Monday, January 27, 2020

Son will be 7 this year, daughter will be 4.

They are so different.

Child A
- likes pizza, meatballs
- more athletic. Able to balance on his 2-wheel bike at 2 years old, able to ice skate after onky second visit
- merajuk style: scream loudly, cry, throw tantrum
- pujuk style: let cool down by ownself, then you can talk
- still likes poo talk, butt talk etc
- asks for sweater after having ice water in shopping malls
- prefers berries and sour candies
- likes screentime. Wouldn't mind not buying if there's nothing to like
- sensituve skin. Hated brushing teeth. Was such a trouble beforeeee
- garang
- sensitive when watching movies/ dramas. Semalam tengok cerita Sir Alvin dekat TV3 pun boleh nangis

Child B
- asks for nasi for every single meal!
- still scared to learn riding the bike and just stood frozen on the ice
- merajuk style: isolate self and refuse eye contact and talking
- pujuk style: lots of compliments and hugs
- mature for age
- complains about the heat, only covers self when outside of the house. Otherwise, wearing underwears only
- sweettooth. Prefers chocolate flavour
- likes shopping.

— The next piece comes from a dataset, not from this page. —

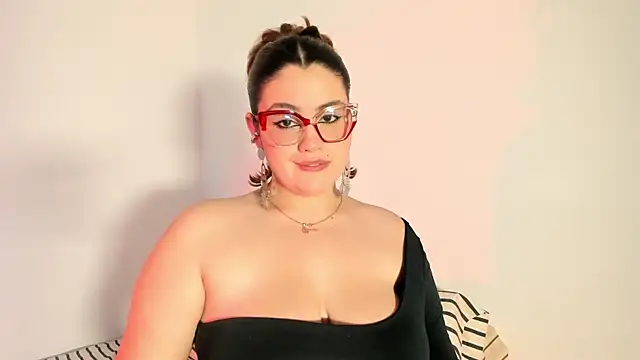 Candelariia  online show from 03/17/25, 06:00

Asks for expensive toys
- likes showering and brushing teeth
- pleasant
- still doesn't understand storylines

----

Kids say the darnest things

My son was watching Boboiboy.
Fighting scene, dialogue: Kau ajar dia!!!
Laughed unexpectantly.
Me: Kenapa ketawa?
Son: Orang tengah lawan, nak suruh ajar pulak! *Laughs*
Me: Oh, 'ajar dia' tu maksudnye, kena fight dengan enemy!
Then me answering many questions why they are like that!
Well, 'kurang ajar' means rude, so...




Husband told kids there are ghosts on 7th floor.
Waited for lift. Lift opened. Nobody was inside. But 4th floor button was red.

Me: Oh, my God. Ada hantu ke dalam lif ni?
Son: Mana ada!
Me: Habis tu, siapa tekan 4th floor...
Son: *Hides behind me, frightened*
Daughter: Mana ada hantu! Orang yang tekanlah!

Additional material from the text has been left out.